Data excerpt:

════════

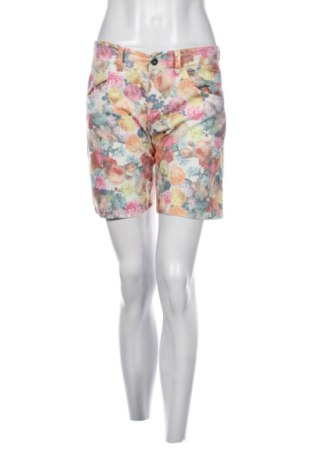 Damen Shorts Unbranded, Größe S, Farbe Mehrfarbig, Preis 10,00 €, #136663140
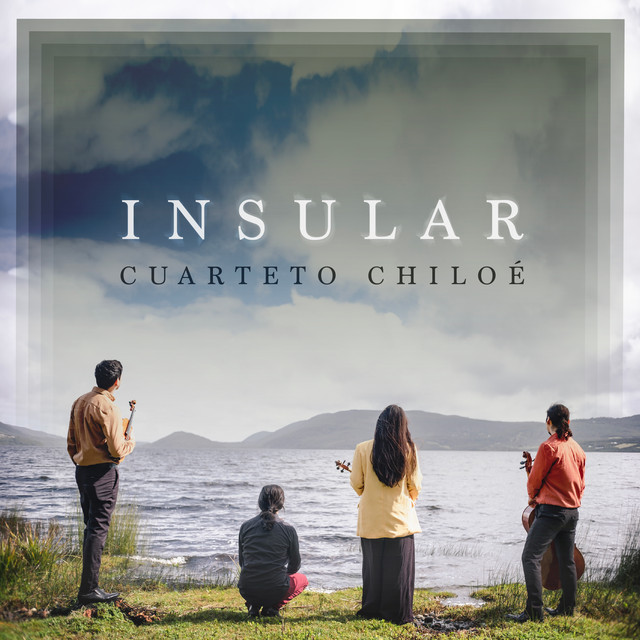 Insular cover art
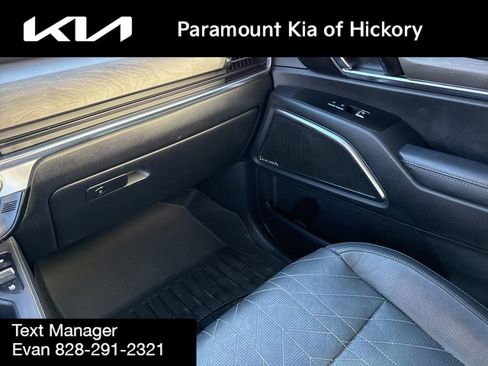 Used 2023 Kia Telluride SX Prestige X-Pro image 35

════════

Exercise requirements: Reproduce the data word for word, excluding its pictures.

Response to this task:
 Damen Shorts Unbranded, Größe S, Farbe Mehrfarbig, Preis 10,00 €, #136663140
 Insular cover art
 Used 2023 Kia Telluride SX Prestige X-Pro image 35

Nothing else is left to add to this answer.